Task to carry out: An exact reproduction is required of the lines from the beginning of the entries through the line with "empty room featuring", pictures excluded and nothing added.

[Extracted data entries]
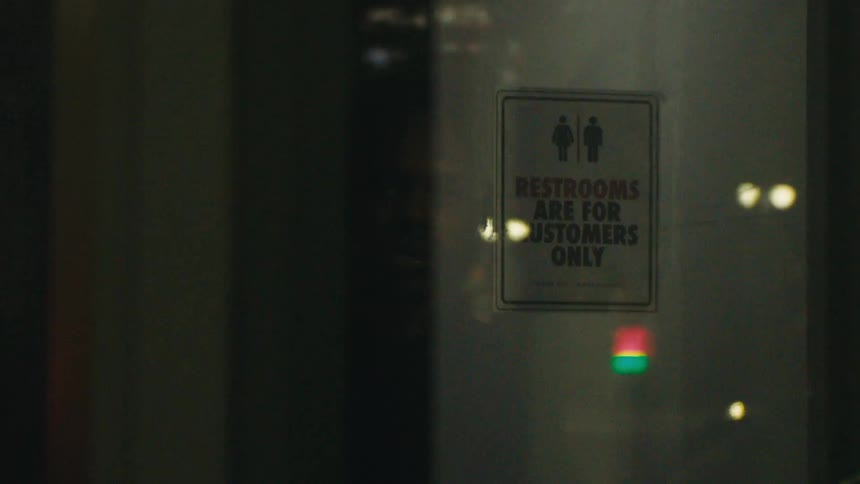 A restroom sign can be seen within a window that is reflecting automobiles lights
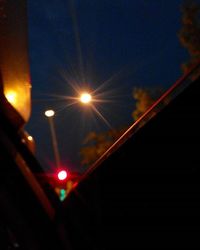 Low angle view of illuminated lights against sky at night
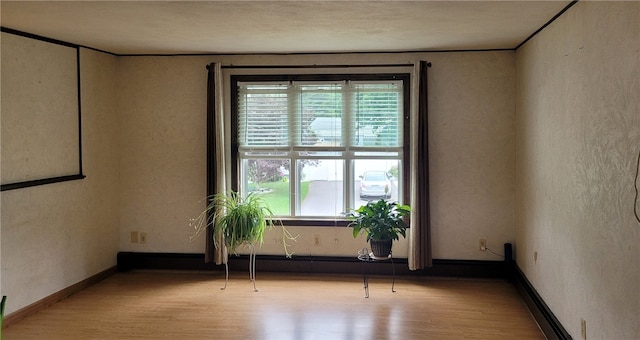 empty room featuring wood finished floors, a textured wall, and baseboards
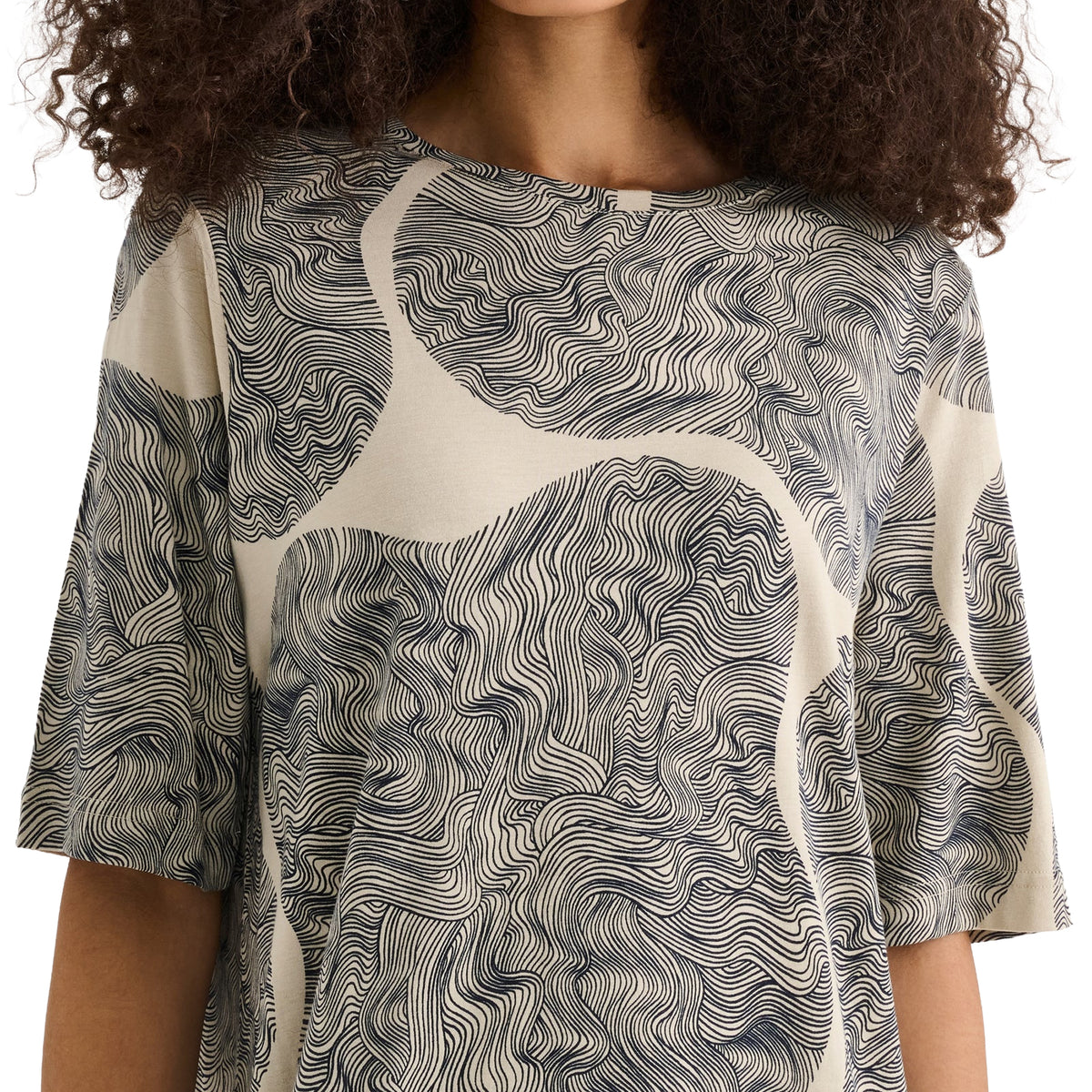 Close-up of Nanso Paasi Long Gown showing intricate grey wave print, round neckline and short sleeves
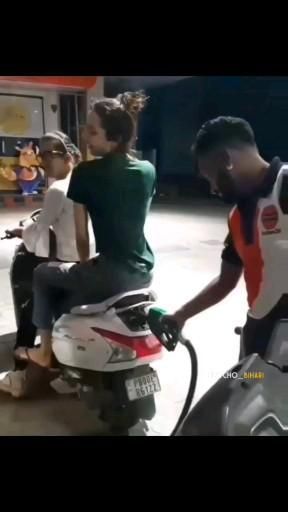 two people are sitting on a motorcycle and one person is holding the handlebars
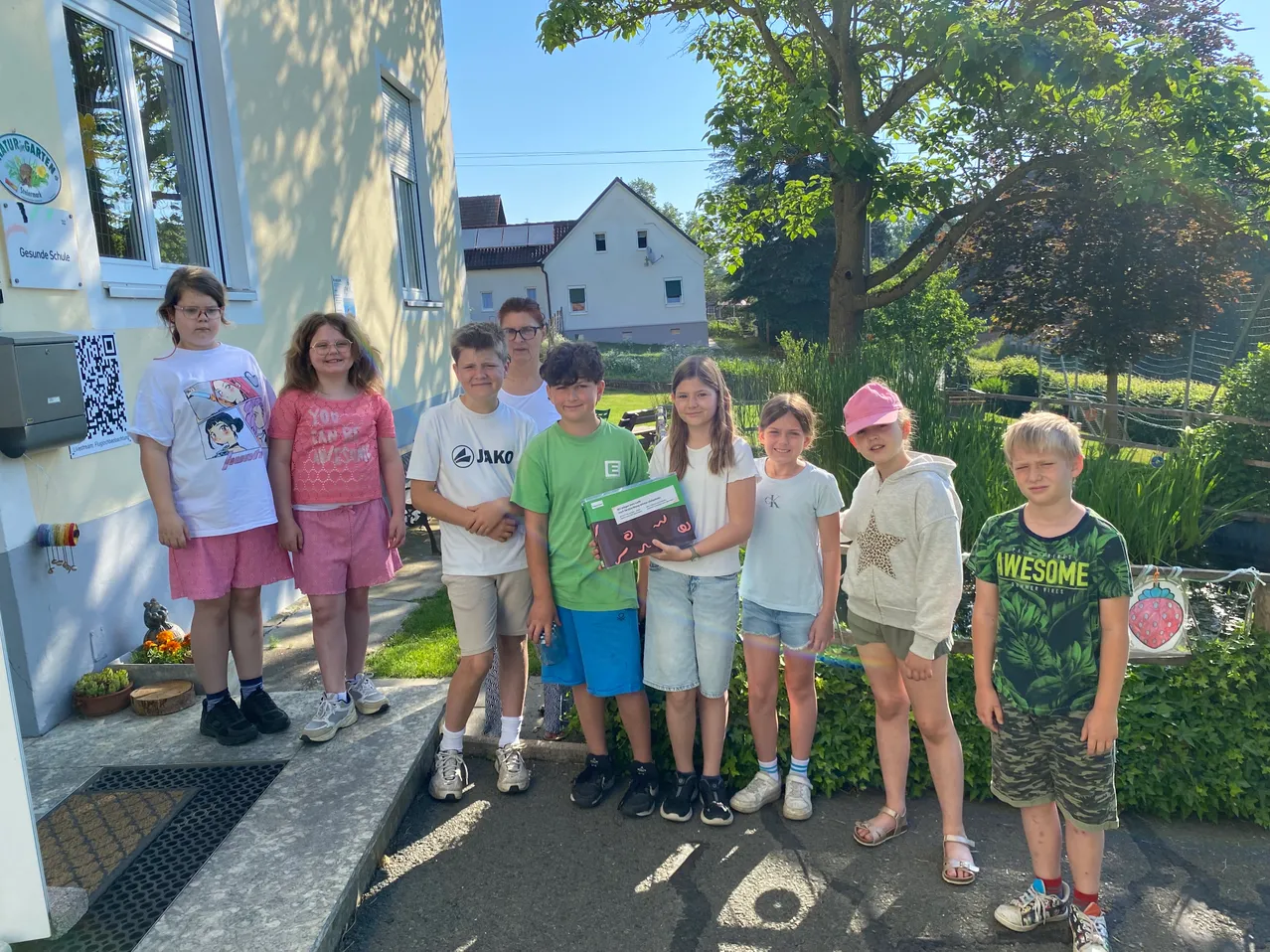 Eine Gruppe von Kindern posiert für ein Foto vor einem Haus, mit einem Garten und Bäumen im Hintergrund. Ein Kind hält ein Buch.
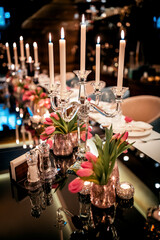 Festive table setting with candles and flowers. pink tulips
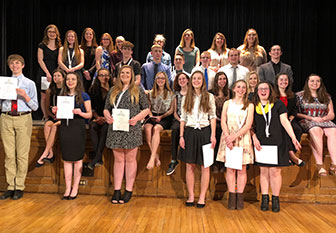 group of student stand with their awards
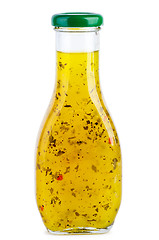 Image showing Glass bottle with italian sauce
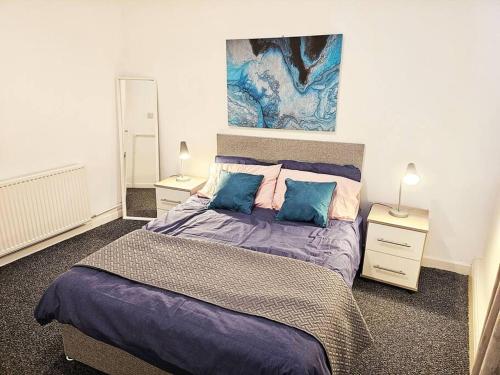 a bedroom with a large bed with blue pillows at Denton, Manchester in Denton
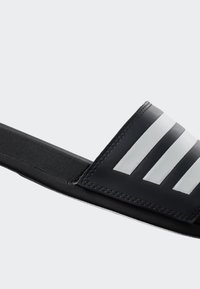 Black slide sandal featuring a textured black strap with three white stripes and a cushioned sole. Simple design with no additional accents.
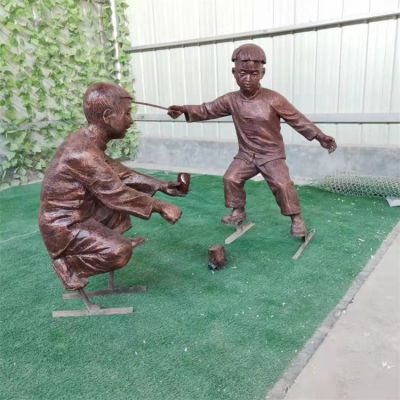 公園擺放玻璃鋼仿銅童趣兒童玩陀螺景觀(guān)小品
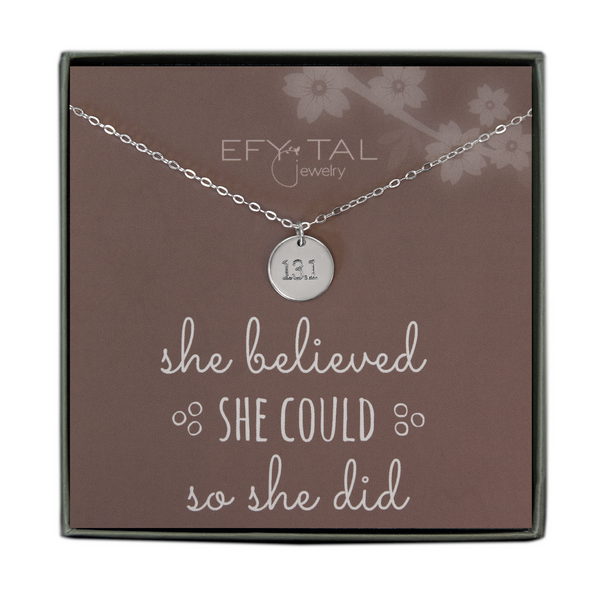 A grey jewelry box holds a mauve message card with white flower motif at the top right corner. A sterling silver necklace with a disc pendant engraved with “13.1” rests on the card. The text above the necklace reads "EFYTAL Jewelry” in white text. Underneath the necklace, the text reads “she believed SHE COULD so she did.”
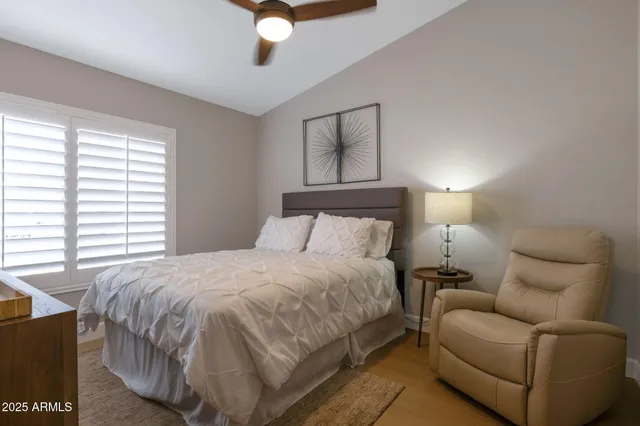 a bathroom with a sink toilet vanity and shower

Solved problem:
 A restroom sign can be seen within a window that is reflecting automobiles lights
 Low angle view of illuminated lights against sky at night
 empty room featuring wood finished floors, a textured wall, and baseboards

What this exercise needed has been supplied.